Monday, March 5, 2012
Review: The Lifespan of a Fact
published by W.W. Norton
Wow. Let's just start with that one word. Moving on, this slim "book" is unlike anything you've ever read. It's a sort of companion piece to the astoundingly good About a Mountain (also by D'Agata). About a Mountain was originally an essay that was later fleshed out into a book.
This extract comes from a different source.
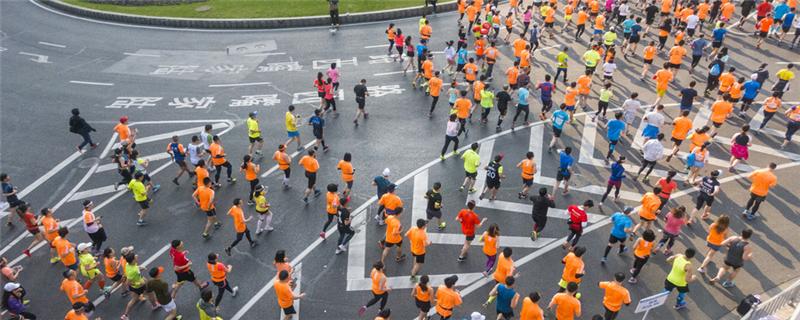 马拉松运动员吃什么水果 马拉松运动员喝什么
The Lifespan of a Fact is the story of that original essay but really it's about fact-checking, but no, it's really really about truth vs. accuracy, but seriously it's really about Art and Literature and the failings of Genre Labeling and Nonfiction and suicide and James Frey but it's also about everything.
(Just for clarity, the book is structurally set up in a unique way, where the center of each page has a section from the essay that Jim Fingal (the fact-checker for The Believer) is examining and then as a kind of border to that text is Jim's own comments on what he feels needs to be verified and sometimes John (the author) responding to Jim's accusations.)
My first thought was, "This is brilliant and this is going to be amazing." About 20 pages in my thought was, "This is getting a little repetitive but it's still interesting and surprisingly addictive." Then I kept reading, a chapter or two a night (they're pretty short) and then I powered through and read like four chapters because John (the author) and Jim (the fact-checker) were really getting into it ("it" being an argument/discussion/pissing match/exploration). And then the last six pages or so is just John and Jim going back and forth, trying to really get at something True and Real about Art and Literature and it ends beautifully.
I believe this will go down as one of the most important books of its time. It will be taught and studied. It will appear on every Nonfiction course syllabus.